The Aba Women's Volunteer era (an N.G.O she was heavily invested) was my closest time with her as I also volunteered as an assistant to my mother. She would drop by for quick catch ups and a tea. Those were casual moment that showed a soft side and the sweetest of smiles.
I believe that every minute she spent on earth was well orchestrated by God (her autobiography spells it out). She lived well and loved well and was well loved.
Rest in peace aunty.
Engr Chin Akwiwu
United Kingdom
Eulogy for Aunty Bridget
We were totally unprepared for the sad news of your demise, as we’d all been online to congratulate you on reaching a venerable age. Our families have gone back through history to earlier happier times than this. Your status as a premier educator and leader was unparalleled, whilst our family always valued your wise counsel and support in our affairs. You have been a steady rock to us through good times and rough periods too. As the years went by this friendship and relationship only deepened amongst all generations of our families. As families we have lived intertwined lives covering loss, life and celebrations. This is a deeply difficult moment, we hoped not to have had to confront at this time.
We mourn your passing but know that God in Heaven knows best and will welcome you into his bosom.
Oluchi Uduku
(For the Uduku family)
United Kingdom
Aunty Bridget (The Love of Nwanne)
Aunty Bridget and our mother (Onuma Ezera) called each other nwanne (sister). I am not sure I can remember a time when I did not know of Aunty Bridget. If I were to set out to describe her, the words equanimity, composed, reassuring, strength, and an overarching sense of love come to mind.

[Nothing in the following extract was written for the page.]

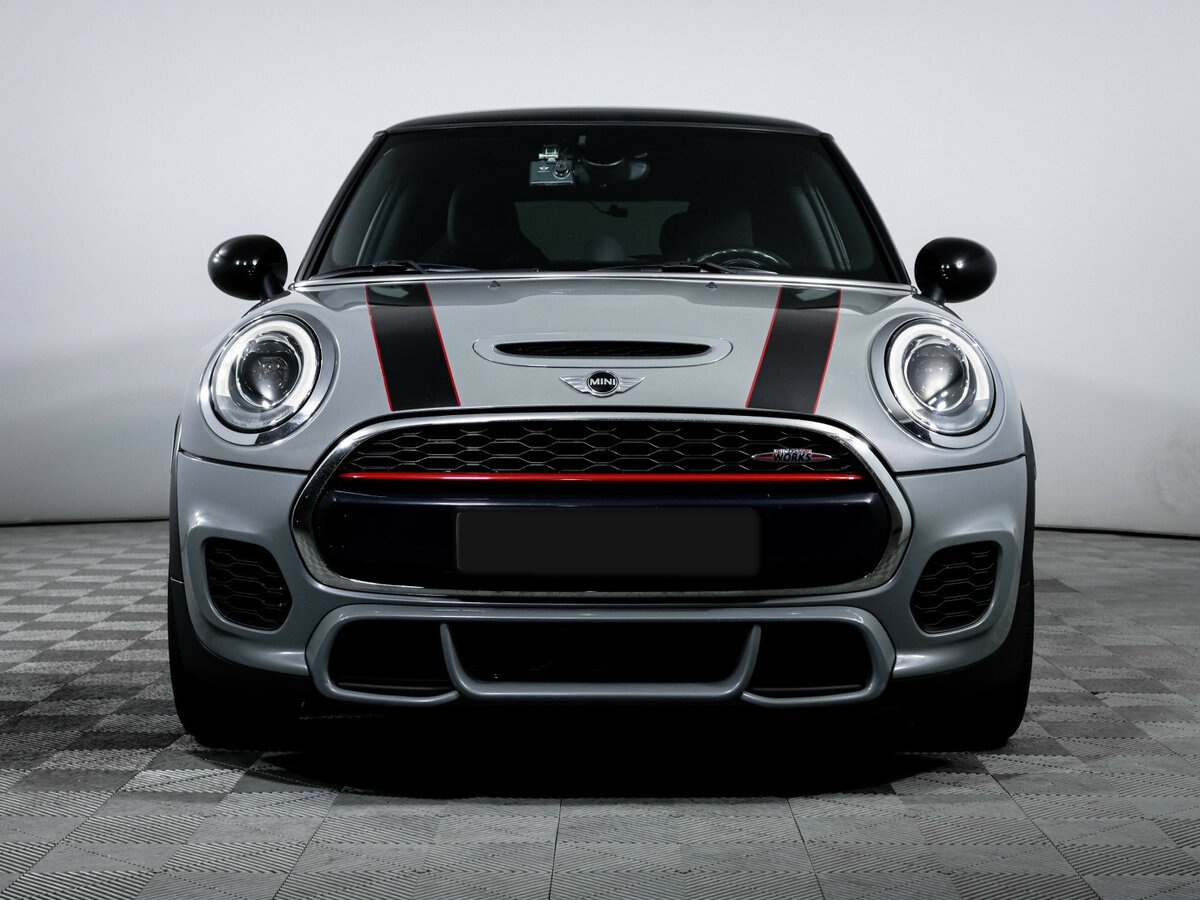 Купить Mini Hatch JCW III (F55/F56), 2017, 41 703 км, фото №2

When you saw the two of them together you were gifted with the true face of love. Not the fleeting and insubstantial face depicted in so many films, novels, and relationships, but the love of nwanne - unquestioning, unwavering, encouraging and supportive, reveling in her nwanne’s moments of joy and a rock in her (altogether too many) moments of despair. Aunty Bridget was a veritable human anchor as her nwanne rode the waves of troubled seas. She seemed to always bear a calm, reassuring manner, while providing her nwanne with the necessary strength to survive the losses of her husband, mother, brothers, sisters and her first son. It is the recognition of this constancy that led much of our village of Asaga, Ohafia to acknowledge her as one of their own. Aunty Bridget could easily drive into Asaga without preamble, and she would be recognized and honoured.
My brothers and I, fresh from our experiences as refugees from the Biafran war and being raised in America, were slowly reintroduced to Nigeria over summer and Christmas breaks. Our visits invariably included Aba and the home of Dr. Ochia and Aunty Bridget Nwankwo, and their children Ihuoma, Emeka, and Mma. Whether we visited with or without my mother, Aunty Bridget’s house was our home in Aba. Often, when we were suffering from diarrhea or malaria, Dr. Nwankwo was the only one we would trust to help our bodies reacclimate to Nigeria.

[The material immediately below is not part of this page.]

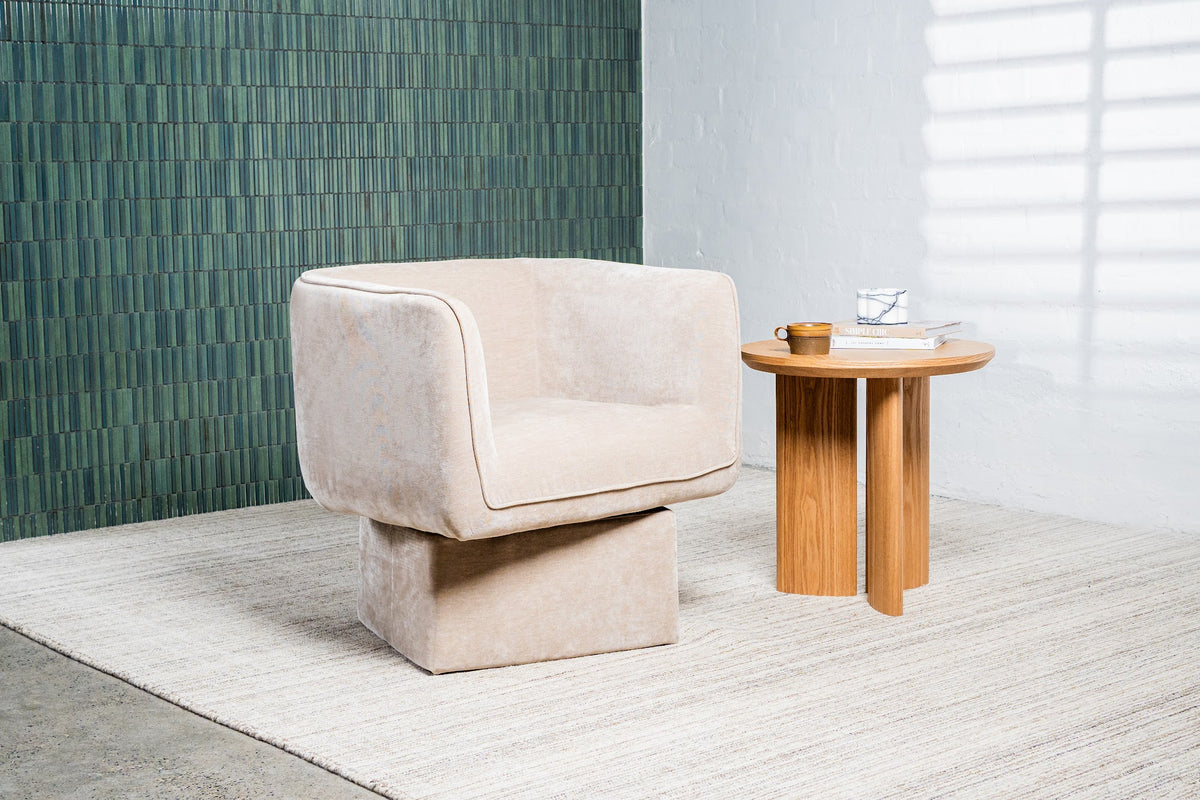 Boyd Side Table Natural - image 12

When I first learned to drive a stick shift in Nigeria, during my NYSC year, without thinking I drove straight from Port Harcourt to Aba to show off my new abilities to Aunty Bridget, the woman I saw as my second mother. When we lost my brother tragically to an auto accident, my first instinct was to ask after my mother and then Aunty Bridget. I don’t know whether my mother would have survived the death of her first son without the comfort, support, and love of her nwanne.
A woman of unsurpassed faith, Aunty Bridget relied on that faith to stoically carry the pain of witnessing her nwanne succumb to the unforgiving progressive illness called
Alzheimer’s. When our mother passed, we took solace in the fact that we still had the love and support of Aunty Bridget, given to her nwanne and encompassing all of us.
As I process the news of Aunty Bridget’s passing, I cannot help but remember the inimitable relationship she had with her nwanne, I pray that they are reunited, and I hope that we can provide, to Ihuoma and Emeka, even a modicum of the love and support that she gave to us and her nwanne in our lives. Ihuoma and Emeka, biko unu kara obi.
Nnamdi Kalu Ezera on behalf of the Ezera family.